11th President of the Colony of Rhode Island and Providence Plantations
- In office 1660–1662
- Preceded by: Benedict Arnold
- Succeeded by: Benedict Arnold

2nd Governor of the Colony of Rhode Island and Providence Plantations
- In office 1666–1669
- Preceded by: Benedict Arnold
- Succeeded by: Benedict Arnold

1st Deputy Governor of the Colony of Rhode Island and Providence Plantations
- In office 1663–1666
- Governor: Benedict Arnold
- Preceded by: position created
- Succeeded by: Nicholas Easton

Personal details
- Born: c. 1610
- Died: autumn, 1674 Newport, Rhode Island
- Spouse(s): (1) Dorothy ________ (2) Mary Burton
- Children: Barnabas, Martha, Mary, Elizabeth, Sarah, Mehitable, Jahleel, William, Abigail, Ebenezer
- Occupation: Builder, selectman, assistant, president, commissioner, deputy governor, governor

= William Brenton =

Rhode Island colonial governor

William Brenton (c. 1610–1674) was a colonial English statesman who served as colonial President, Deputy Governor, and Governor of the Colony of Rhode Island and Providence Plantations, and an early settler of Portsmouth and Newport in the Rhode Island colony. Believed to be from Hammersmith, Middlesex, England, he emigrated to the British Colonies in North America by 1633, and rose to minor prominence in the Massachusetts Bay Colony before relocating to a new settlement to the south that became today's Rhode Island.

== Origin==
Austin and other historians give his place of origin as Hammersmith in Middlesex, England (now a part of London), but in reviewing the evidence, Anderson concludes that his place of origin is unknown. Brenton named one of his Newport properties "Hammersmith," and this has led some writers to assume that the like-named town since absorbed into London was his place of origin.

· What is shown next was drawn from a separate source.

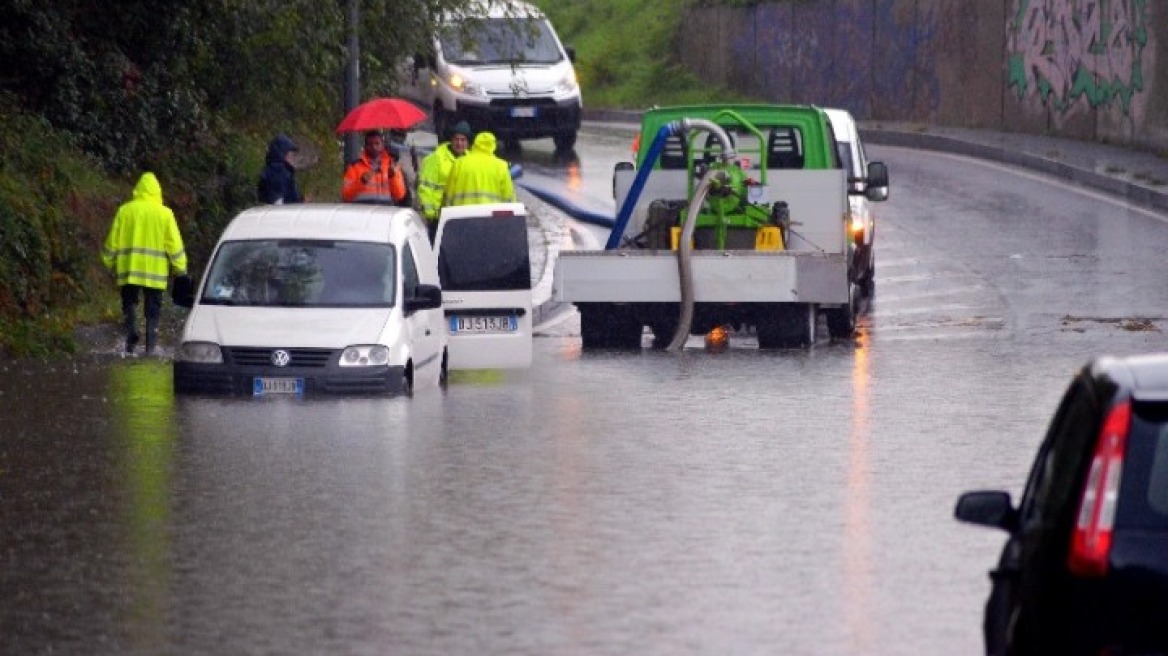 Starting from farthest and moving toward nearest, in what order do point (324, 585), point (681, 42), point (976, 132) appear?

==Boston, Portsmouth and Newport==
Brenton was in Boston by October 1633 when he was admitted to the church there, was made a freeman in May 1634, and later the same year was appointed to oversee the building of a jail house. He was a Boston selectman from 1634 to 1637, and in 1635, was appointed to a committee to consider the incident when Massachusetts magistrate John Endecott defaced the English flag, and to report to the court to what extent Endecott would be censured.

Brenton was a Deputy in Boston from 1635 to 1637, but following the settlement of Portsmouth on Aquidneck Island (called Rhode Island) by the followers of Anne Hutchinson, he became a resident there, and in late August 1638 was directed to oversee work on the prison. It appears that Brenton was not a follower of Hutchinson, or of her brother-in-law John Wheelwright, as he was not disarmed, and he also returned to live in Boston at a later time. In April 1639, he was one of nine men who signed an agreement to settle Newport, and appears to have changed residence, being present at a general meeting there a year later. However, by 1643 his residence was once again given as Portsmouth. From 1640 to 1647, while William Coddington was the governor of the two Aquidneck Island towns of Portsmouth and Newport, Brenton was the deputy governor. In February 1649, Brenton was again living in Boston, when he was given liberty to "set up a porch afore his house" there.

==Terms as president and governor==
From 1652 to 1657, Brenton was once again a selectman, and in 1655, became a freeman of Newport. In 1660, he succeeded Benedict Arnold as President of all four towns of the Rhode Island colony, serving for two one-year terms, and also serving as a commissioner during this period. One issue facing this administration was the land speculation of Humphrey Atherton in the Narragansett country (later to become Washington County, Rhode Island). A committee was appointed to deal with Atherton and his company about his land purchase, and arrange terms upon which Atherton might enter the colony. If the Atherton company refused to confer, then they would be forbidden from entering their lands. The committee reported only partial progress on this issue, and would continue at a later session.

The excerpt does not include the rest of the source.